= Loslyf =

South African Afrikaans-language pornographic magazine

Loslyf is a South African Afrikaans-language pornographic magazine. The magazine was founded in 1995 by J.T. Publishing, a South African subsidiary of the American Hustler. It was the first Afrikaans-language pornographic publication. Launched only one year after the end of apartheid, the magazine was greatly controversial as it posed a clear opposition to the conservative Afrikaner nationalist morals that influenced the apartheid government's censorship of media

==History==

During South Africa's apartheid, the ruling Afrikaner dominated National Party enacted strict censorship over media. Publications were censored or banned for raising political criticism against the party. Also, the government censored any material that contradicted their moral values. Conservative Afrikaner moral values derived from Dutch Calvinism, which repressed sexual desires and advocated abstinence and chastity as forms of purity.

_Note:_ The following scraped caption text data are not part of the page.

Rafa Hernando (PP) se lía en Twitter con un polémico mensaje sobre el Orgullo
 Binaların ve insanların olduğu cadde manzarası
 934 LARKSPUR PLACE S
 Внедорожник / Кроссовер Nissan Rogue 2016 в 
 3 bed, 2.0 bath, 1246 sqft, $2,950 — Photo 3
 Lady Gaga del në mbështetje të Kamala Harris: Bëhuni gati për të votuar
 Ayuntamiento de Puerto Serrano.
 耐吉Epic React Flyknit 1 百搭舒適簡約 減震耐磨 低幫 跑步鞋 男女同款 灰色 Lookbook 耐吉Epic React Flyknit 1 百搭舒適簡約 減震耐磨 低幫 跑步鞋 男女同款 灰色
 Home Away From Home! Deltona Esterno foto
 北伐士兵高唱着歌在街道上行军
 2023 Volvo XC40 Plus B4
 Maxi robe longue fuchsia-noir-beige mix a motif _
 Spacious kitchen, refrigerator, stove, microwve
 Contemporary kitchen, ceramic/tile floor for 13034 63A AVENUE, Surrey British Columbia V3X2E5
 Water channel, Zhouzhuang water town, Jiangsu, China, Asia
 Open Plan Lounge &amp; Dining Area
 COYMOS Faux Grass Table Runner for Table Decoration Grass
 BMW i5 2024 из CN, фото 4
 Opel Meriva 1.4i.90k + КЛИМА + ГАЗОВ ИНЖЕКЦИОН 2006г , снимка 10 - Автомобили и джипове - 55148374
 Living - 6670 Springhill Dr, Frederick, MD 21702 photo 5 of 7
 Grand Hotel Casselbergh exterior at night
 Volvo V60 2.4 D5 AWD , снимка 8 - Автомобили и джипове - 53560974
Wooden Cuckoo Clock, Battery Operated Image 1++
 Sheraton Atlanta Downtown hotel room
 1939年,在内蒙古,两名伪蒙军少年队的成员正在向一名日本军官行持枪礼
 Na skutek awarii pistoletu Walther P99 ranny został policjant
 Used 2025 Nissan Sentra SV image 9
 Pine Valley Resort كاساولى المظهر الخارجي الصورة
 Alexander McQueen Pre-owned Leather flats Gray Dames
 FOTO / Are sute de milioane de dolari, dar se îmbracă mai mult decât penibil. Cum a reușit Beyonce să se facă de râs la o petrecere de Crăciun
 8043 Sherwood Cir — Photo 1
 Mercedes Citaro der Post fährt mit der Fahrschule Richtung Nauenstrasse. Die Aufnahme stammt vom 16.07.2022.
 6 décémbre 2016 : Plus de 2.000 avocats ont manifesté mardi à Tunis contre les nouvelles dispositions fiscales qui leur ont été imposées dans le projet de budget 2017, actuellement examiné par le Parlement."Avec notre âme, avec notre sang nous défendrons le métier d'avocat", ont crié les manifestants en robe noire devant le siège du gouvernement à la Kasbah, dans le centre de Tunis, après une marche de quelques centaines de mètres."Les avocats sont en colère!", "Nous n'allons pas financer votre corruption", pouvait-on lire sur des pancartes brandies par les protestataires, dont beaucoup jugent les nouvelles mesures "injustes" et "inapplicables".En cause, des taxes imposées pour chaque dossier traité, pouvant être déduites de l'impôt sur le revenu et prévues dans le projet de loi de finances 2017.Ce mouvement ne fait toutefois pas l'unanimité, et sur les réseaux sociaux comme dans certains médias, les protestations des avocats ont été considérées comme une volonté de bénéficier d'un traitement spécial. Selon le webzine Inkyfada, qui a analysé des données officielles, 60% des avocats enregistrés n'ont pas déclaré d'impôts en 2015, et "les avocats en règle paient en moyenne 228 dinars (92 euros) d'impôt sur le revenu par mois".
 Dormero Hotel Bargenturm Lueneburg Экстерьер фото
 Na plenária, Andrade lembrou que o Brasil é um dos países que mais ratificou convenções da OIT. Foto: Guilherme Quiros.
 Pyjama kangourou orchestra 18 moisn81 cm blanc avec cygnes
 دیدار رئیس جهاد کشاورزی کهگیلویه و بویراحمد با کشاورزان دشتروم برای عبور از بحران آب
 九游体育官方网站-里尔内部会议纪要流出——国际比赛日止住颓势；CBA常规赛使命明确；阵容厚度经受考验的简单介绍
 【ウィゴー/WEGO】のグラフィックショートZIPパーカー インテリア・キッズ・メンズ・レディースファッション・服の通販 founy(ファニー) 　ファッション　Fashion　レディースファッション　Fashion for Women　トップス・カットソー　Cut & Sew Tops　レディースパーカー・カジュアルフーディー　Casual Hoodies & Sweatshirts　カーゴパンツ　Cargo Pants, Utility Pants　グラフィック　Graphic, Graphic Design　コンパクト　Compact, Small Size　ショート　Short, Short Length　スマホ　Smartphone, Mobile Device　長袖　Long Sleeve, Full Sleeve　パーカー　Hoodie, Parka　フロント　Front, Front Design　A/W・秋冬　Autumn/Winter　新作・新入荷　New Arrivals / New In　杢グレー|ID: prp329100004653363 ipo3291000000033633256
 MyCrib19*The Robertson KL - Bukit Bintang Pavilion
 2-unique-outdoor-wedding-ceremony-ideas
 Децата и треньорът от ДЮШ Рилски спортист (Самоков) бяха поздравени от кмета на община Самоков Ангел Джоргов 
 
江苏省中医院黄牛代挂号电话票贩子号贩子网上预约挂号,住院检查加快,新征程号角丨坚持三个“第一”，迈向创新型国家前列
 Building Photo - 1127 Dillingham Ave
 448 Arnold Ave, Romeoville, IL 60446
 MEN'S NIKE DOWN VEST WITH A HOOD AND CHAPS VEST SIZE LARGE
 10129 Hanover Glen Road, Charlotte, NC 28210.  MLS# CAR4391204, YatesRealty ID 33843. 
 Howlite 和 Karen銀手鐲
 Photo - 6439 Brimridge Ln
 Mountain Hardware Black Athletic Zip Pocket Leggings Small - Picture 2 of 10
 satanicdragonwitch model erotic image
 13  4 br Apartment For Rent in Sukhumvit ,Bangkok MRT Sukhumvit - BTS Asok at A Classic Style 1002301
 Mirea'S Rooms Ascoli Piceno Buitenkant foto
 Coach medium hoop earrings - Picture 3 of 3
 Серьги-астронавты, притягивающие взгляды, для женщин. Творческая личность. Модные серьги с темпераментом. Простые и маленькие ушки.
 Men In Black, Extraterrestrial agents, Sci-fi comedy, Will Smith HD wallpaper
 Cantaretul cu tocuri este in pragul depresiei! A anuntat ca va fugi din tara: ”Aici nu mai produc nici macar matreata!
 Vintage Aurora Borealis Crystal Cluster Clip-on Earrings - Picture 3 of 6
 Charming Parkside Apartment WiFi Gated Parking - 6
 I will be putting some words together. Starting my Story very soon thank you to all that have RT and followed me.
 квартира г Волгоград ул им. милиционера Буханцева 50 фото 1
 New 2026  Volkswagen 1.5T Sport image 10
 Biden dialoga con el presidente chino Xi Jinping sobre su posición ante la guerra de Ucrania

The title of the magazine itself, Loslyf, clearly opposes these values, translating in Afrikaans to "loose body/morals." Loslyf’s first editor, Ryk Hattingh, was no stranger to controversy, as he had previously worked as sub-editor under Max du Preez for the anti-apartheid newspaper Vrye Weekblad. Through the magazine, Hattingh wished to redefine the dominant perception of Afrikaner people and culture. He claimed, "Afrikaners have always been portrayed as khaki-klad repressed people and I wanted to show them as normal, sexual f***ing human beings!"

The first issue hit the shelves in June 1995 and featured the antagonistic and controversial spread "Dina at the Monument." The spread featured a model posing topless in front of the Voortrekker Monument. In 1949 the National Party dedicated the monument to the Voortrekkers who participated in the Great Trek. Scholars have argued that by photographing the nude model before a symbol of Afrikaner nationalism, Loslyf presents a direct opposition to the party and its values that gave rise to the censorship of the media. The issue was immensely popular, selling approximately 80,000 copies total.

Under Hattingh's management, the magazine took on a critical tone. Along with the nude spreads, Loslyf also featured a number of intellectual articles from well-known and respected writers. It also contained controversial political cartoons by Joe Dog and Konradski of Bitterkomix.

==Contemporary content==

Since its debut, Loslyf readership has levelled out to around 20,000 copies sold per issue. This has been attributed to its loss of novelty factor. Also, after coming under the management of editor Karen Eloff, the magazine's first female editor, the magazine has changed direction toward a more sexually oriented magazine, dropping its critical and intellectual features. She claims that "people buy Loslyf because of the sex, and there is a place for everything, but Loslyf is just not the place for intellectual stories." However, readership did increase by 30% following Eloff becoming editor and posing nude within the magazine in a 2005 issue.

The magazine has also expanded to include a website.

==Recent controversies==

Namibian-born Afrikaans singer Juanita du Plessis sued the magazine for "doctoring" a picture of her and including a vulgar headline insinuating that she was addicted to oral sex in the October 2004 issue. Du Plessis made a R200,000 defamation claim against the magazine. In 2007 the Pretoria High Court ruled in favour of Du Plessis and J.T. Publishers was forced to pay her R60,000.

In December 2004, Loslyf published an image of a woman's breast and claimed it to be that of local South African singer-celebrity Amor Vittone. Inside the magazine, there also appeared six other photos of breasts with captions implying that they were Vittone's. Following the issue's publication, Vitonne denied that any of the photos were legitimate and filed a R1,000,000 lawsuit against the magazine. The publisher eventually publicly apologised, pulled the issue from the shelves, and privately agreed to compensate Vitonne.

In 2005, a Loslyf reader was removed from a Nationwide Airlines flight for refusing to put away the magazine. After being told he was not allowed to read the magazine on the plane, businessman A.C. Hoffman bluntly refused and was eventually removed before takeoff. This raised controversy particularly because Hoffman had purchased the issue within the airport. The magazine abides by the rules regarding explicit content set out by the national Film and Production Board. Though, as Eloff claims, it is about sex, the magazine refrains from depicting images of sexual intercourse as well as other sexually explicit acts. This allows the magazine to be sold at cafés and airports, not only in sex shops.